Pas pu t’écrire hier. JP est rentré dans la nuit de lundi hyper tard (ou hyper tôt comme tu veux) il avait un peu bu et il a fait tellement de bruit en rentrant qu’Isabella s’est réveillée. J’ai eu toutes les peines du monde à la recoucher, car elle entendait son père parler fort.

On a fini par se rendormir mais la journée a été difficile.

 

Ce matin, il faisait beau quand je suis partie de la maison. J’avais mis un petit tailleur de printemps, bleu marine. Tu sais les basiques indémodables que toutes les femmes devraient avoir dans leur armoire. J’avais mis des chaussures à talons un peu hauts et Jean-Pascal m’a fait une réflexion quand je suis sortie. Sois-disant que je m’habille mieux depuis que je travaille, et que je me maquille.

Je ne peux pas dire qu’il ait tort. Enfin je respire et j’ai l’impression de revivre !

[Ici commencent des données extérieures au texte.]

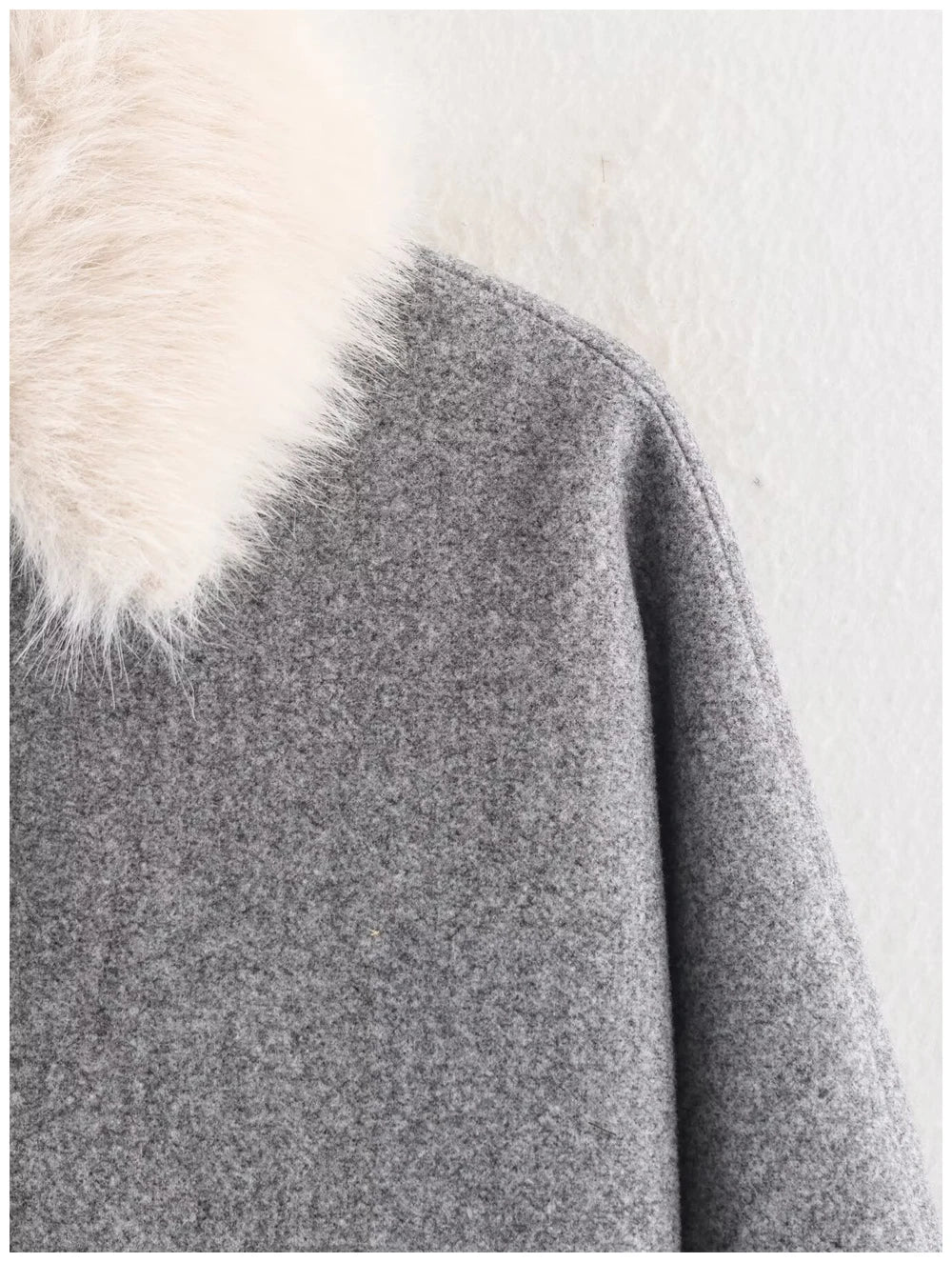 Womens Fashion Coat With Fur Collar Single Breasted Wool Coat Stylish And Versatile Suitable For Everyday And Work Wear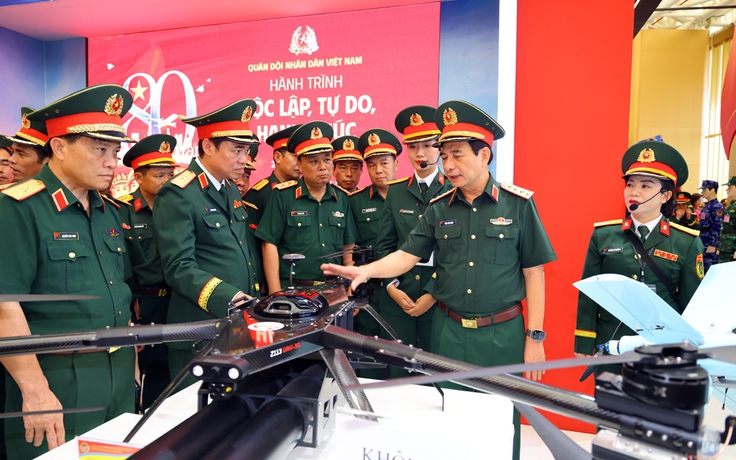 Đẩy mạnh xây dựng Quân đội, củng cố quốc phòng, bảo vệ vững chắc Tổ quốc trong giai đoạn mới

Donc, je te disais que j’avais mis ces jolies chaussures qui s’ennuyaient depuis si longtemps dans mon placard.  Cà m’apprendra à faire la coquette, car au bout de 2 heures à piétiner dans les rayons du magasin, j’avais déjà des ampoules et bien sûr personne ne pouvait me dépanner d’un pansement.

J’en ai donc été réduite à emprunter une paire de ballerines à ma patronne.

J’avais beaucoup moins fière allure, mais c’était quand même plus confortable …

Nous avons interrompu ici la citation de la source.